Because it is nonsense.

Jeffery P
June 1, 2021 7:16 am

I am all in favor of review of our supply chain issues. It make no sense to be so dependent upon our global adversary, that is, the People’s Republic of China. With China asserting it’s dominance over Hong Kong, it’s more important than ever that find new sources of raw materials, microchip and rare earth metals.

What I am not in favor of is top-down, central planning industrial policy. The government has a poor record of picking winners and losers. Policy is too susceptible to the influence of big money and the bureaucracy has it’s own agenda.

Peter Morris
June 1, 2021 7:20 am

Any plan that involves our Federal Government spending tax dollars to compete with the Chinese is doomed to failure. The current government is absolutely filled with clowns who want nothing more than to “get their share,” then retire with their untouchable pension.

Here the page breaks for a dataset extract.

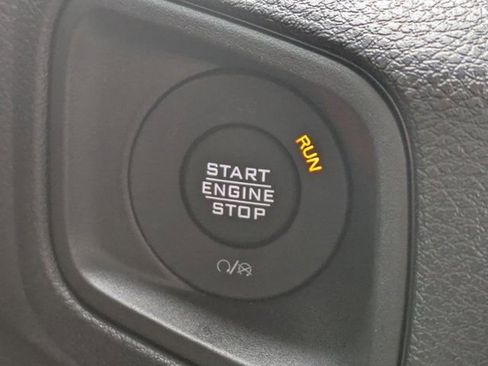 New 2025 Jeep Gladiator Sport image 24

There’s just no way that kind of sloth and arrogance can get anything done at all. The only way we could get back in the game is to unburden the free market. Sure you might get a little extra pollution, but nothing compared to the wastelands China is currently developing inside its own borders.

Our own government is the problem, not the solution.

Greg61
June 1, 2021 7:47 am

The environmental movement and alarmists in general are racist to the core. They demand we have these substances, then demand we get them from BIPOC countries with no labour laws, refusing to allow any mining or processing in the West. What could be more racist?

June 1, 2021 8:36 am

Pebble mine here in Alaska. Ambler Road to access the mining district in the southern Brooks Range W of Fairbanks.

One of the things the greens have done for decades is stretch and expand federal lands (National Forests, Wilderness Areas, National Parks, National Monuments, etc) to encompass known finds of minerals. The other thing they have done is carefully select those expansions so as to limit to prohibit access to those finds. Pretty cute trick. Time to reverse that. Cheers –

chris
June 1, 2021 1:23 pm

if only we had a President who could win a Tariff War against China. I heard they are “easy to win”, but evidently that’s not so.

Oh well, at least the farm corporations got $60B on our way down.

June 1, 2021 3:29 pm

One of the BBC’s eco-propagandists gushing about the rapid advent of electric cars:

https://www.bbc.com/news/business-57253947

No mention whatever of the minerals crunch that will bring the drive of the e-car to a crunching stall before it has even cleared the driveway.

Is he in denial of the imminent mineral bottleneck? Or can he really not know?

There’s a glorious e-car fiasco on the way, just a few months down the road. It will be the funniest black comedy in decades.

June 1, 2021 3:35 pm

Some sweetly ironic contradictions brewing in gubmint policy to mining of fossil fuels and battery related minerals. Fossil fuels will play the role of wife while e-minerals will play that of the mistress.

Geoman
June 2, 2021 4:42 pm

Building out a mine is a process of a few years. Getting permits is a decade of work.

Simple solution: Executive order exempting mines of critical minerals from the NEPA and permitting process. They are not exempt from environmental regulations – they must still meet clean air and water standards, But they are exempt from the permitting process.

People get the two confused – absent a permit the mine gets to pollute all it wants! Nope. You can ditch the permit and simply regulate at the point of compliance, where the discharge enters the rivers or air. Very simple, and very easy.